Montana Code Annotated 2023

TITLE 17. STATE FINANCE

CHAPTER 7. BUDGETING AND APPROPRIATIONS

Part 1. Budget Systems and Program Plans

Reduction In Spending

17-7-140. Reduction in spending. (1) (a) As the chief budget officer of the state, the governor shall ensure that the expenditure of appropriations does not exceed available revenue. Except as provided in subsection (2), in the event of a projected general fund budget deficit, the governor, taking into account the criteria provided in subsection (1)(c), shall direct agencies to reduce spending in an amount that ensures that the projected ending general fund balance for the biennium will be at least:

(i) 4% of the general revenue appropriations for the second fiscal year of the biennium prior to October of the year preceding a legislative session;

(ii) 3% of the general revenue appropriations for the second fiscal year of the biennium in October of the year preceding a legislative session;

(iii) 2% of the general revenue appropriations for the second fiscal year of the biennium in January of the year in which a legislative session is convened; and

(iv) 1% of the general revenue appropriations for the second fiscal year of the biennium in March of the year in which a legislative session is convened.

(b) An agency may not be required to reduce general fund spending for any program, as defined in each general appropriations act, by more than 10% during a biennium. A governor may not reduce total agency spending in the biennium by more than 4% of the second year general revenue appropriations for the agency. Departments or agencies headed by elected officials or the board of regents may not be required to reduce general fund spending by a percentage greater than the percentage of general fund spending reductions required for the weighted average of all other executive branch agencies. The legislature may exempt from a reduction an appropriation item within a program or may direct that the appropriation item may not be reduced by more than 10%.

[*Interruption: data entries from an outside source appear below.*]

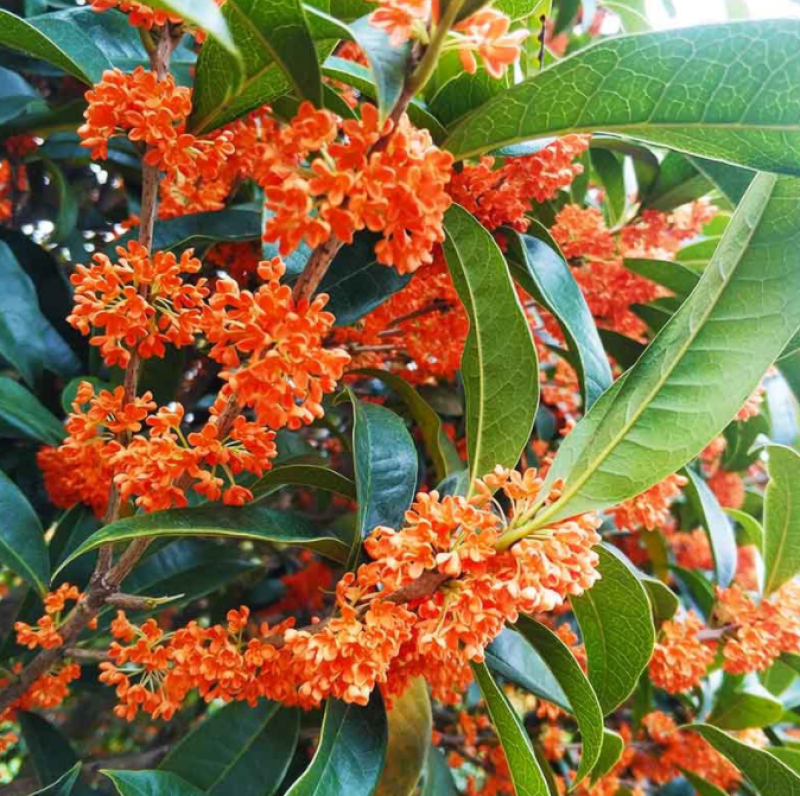 2025新丹桂厂家直销散装批发手工挑选代用茶花草茶量大从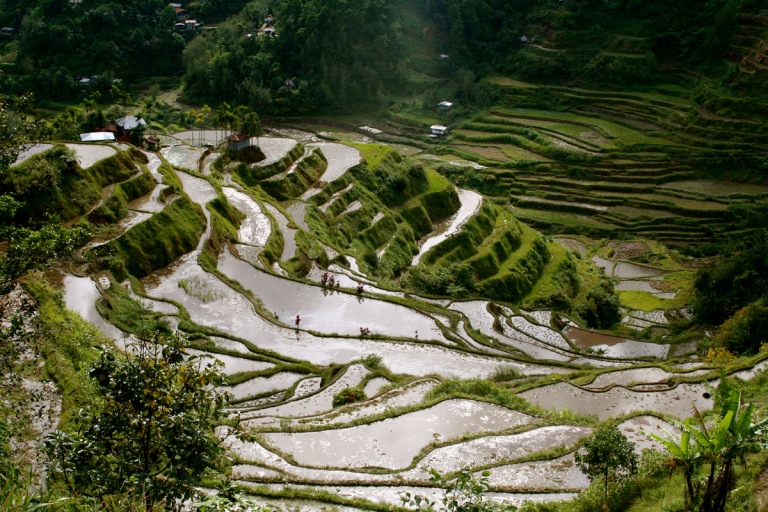 The Banaue Rice Terraces are a UNESCO World Heritage Site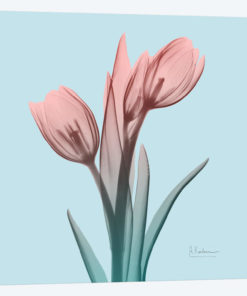 Awakening Tulips I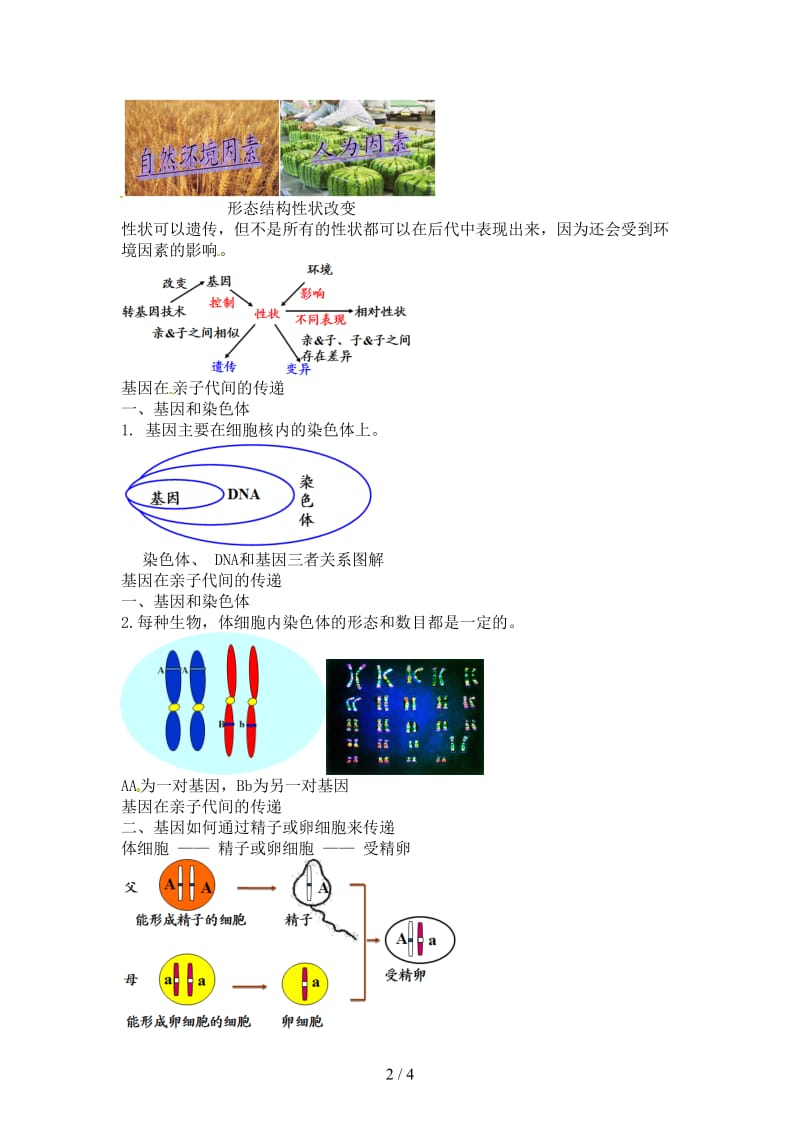 中考生物专题复习十九生物的生殖与发育上讲义新人教版(1).doc_第2页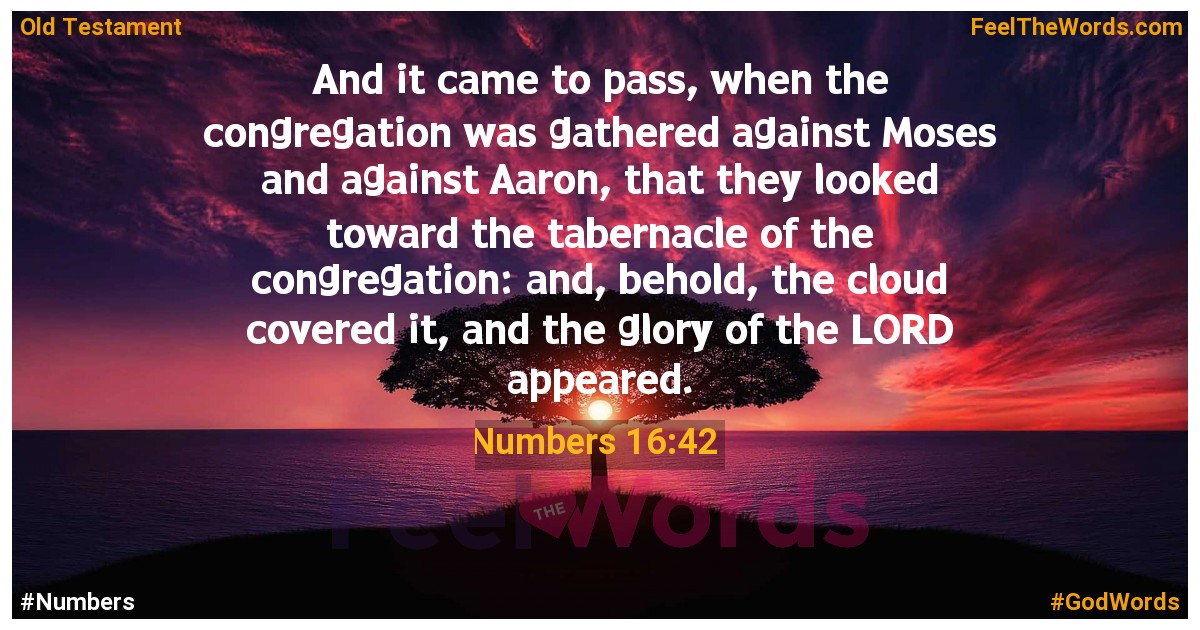 Numbers 16:42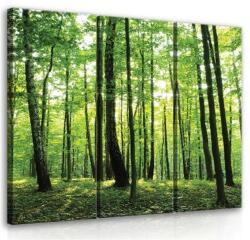 Consalnet Erdő, 3 darabos vászonkép, 90x80 cm méretben (C5-1128S6)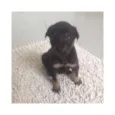 Pingo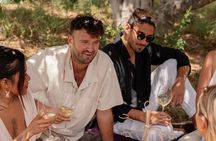 Cape Town: Private Vineyard Horseback Riding with Wine Picnic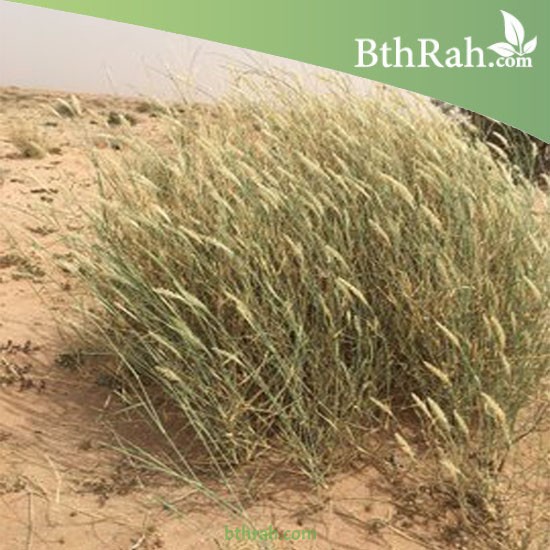 بذور عشبة الثيموم (الصبغاء) بذور عشبة الثيموم (الصبغاء)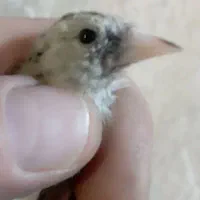 جوجه سهره نر تضمینی همه حلبه دار گل بلند|پرنده|ری, صفاییه (چشمه علی)|دیوار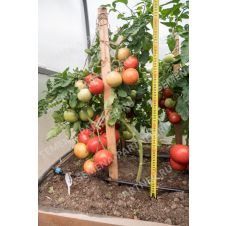 Томат Деревенский F1, 10 шт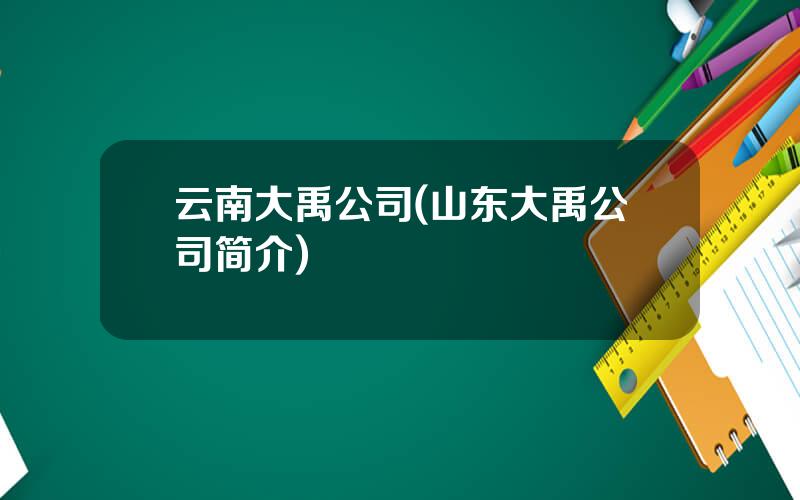 云南大禹公司(山东大禹公司简介)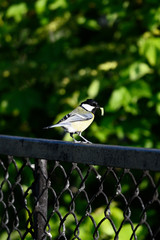 Great tit with food in its beak standing on a black fence.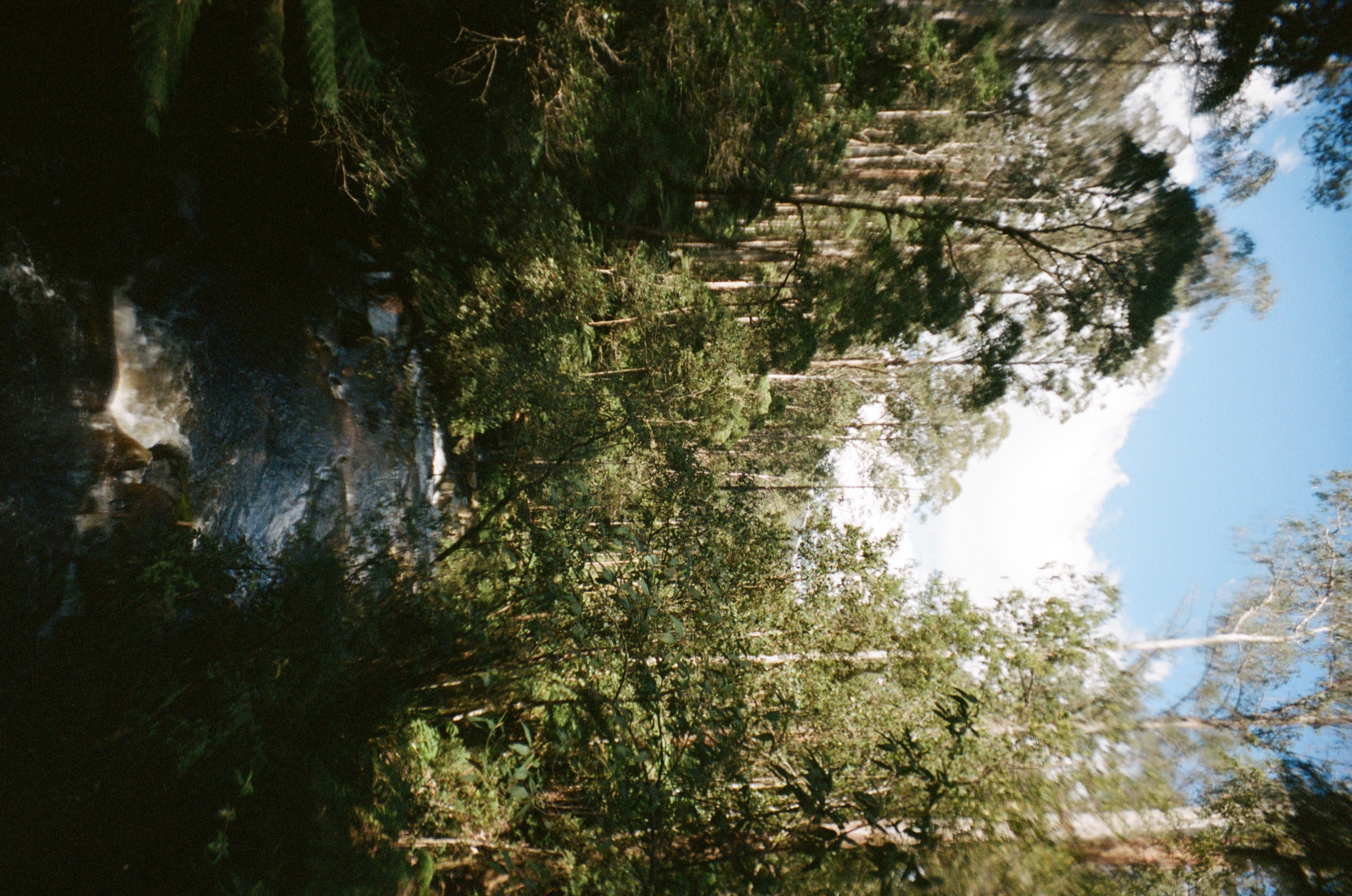 Creek and trees in soft light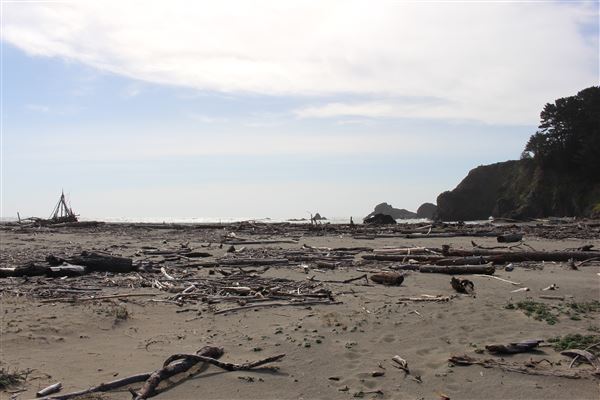 Navarro River Beach - Navarro River Redwoods State Park (SP) (3/31/2017 - Credits: Kellen Lim)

(c) The governor shall direct agencies to manage their budgets in order to reduce general fund expenditures. Prior to directing agencies to reduce spending as provided in subsection (1)(a), the governor shall direct each agency to analyze the nature of each program that receives a general fund appropriation to determine whether the program is mandatory or permissive and to analyze the impact of the proposed reduction in spending on the purpose of the program. An agency shall submit its analysis to the office of budget and program planning and shall at the same time provide a copy of the analysis to the legislative fiscal analyst. The report must be submitted in an electronic format. The office of budget and program planning shall review each agency's analysis, and the budget director shall submit to the governor a copy of the office of budget and program planning's recommendations for reductions in spending. The budget director shall provide a copy of the recommendations to the legislative fiscal analyst at the time that the recommendations are submitted to the governor and shall provide the legislative fiscal analyst with any proposed changes to the recommendations. The recommendations must be provided in an electronic format. The recommendations must be provided to the legislature in accordance with 5-11-210. The legislative finance committee shall meet within 20 days of the date that the proposed changes to the recommendations for reductions in spending are provided to the legislative fiscal analyst. The legislative fiscal analyst shall provide a copy of the legislative fiscal analyst's review of the proposed reductions in spending to the budget director at least 5 days before the meeting of the legislative finance committee. The committee may make recommendations concerning the proposed reductions in spending. The governor shall consider each agency's analysis and the recommendations of the office of budget and program planning and the legislative finance committee in determining the agency's reduction in spending. Reductions in spending must be designed to have the least adverse impact on the provision of services determined to be most integral to the discharge of the agency's statutory responsibilities.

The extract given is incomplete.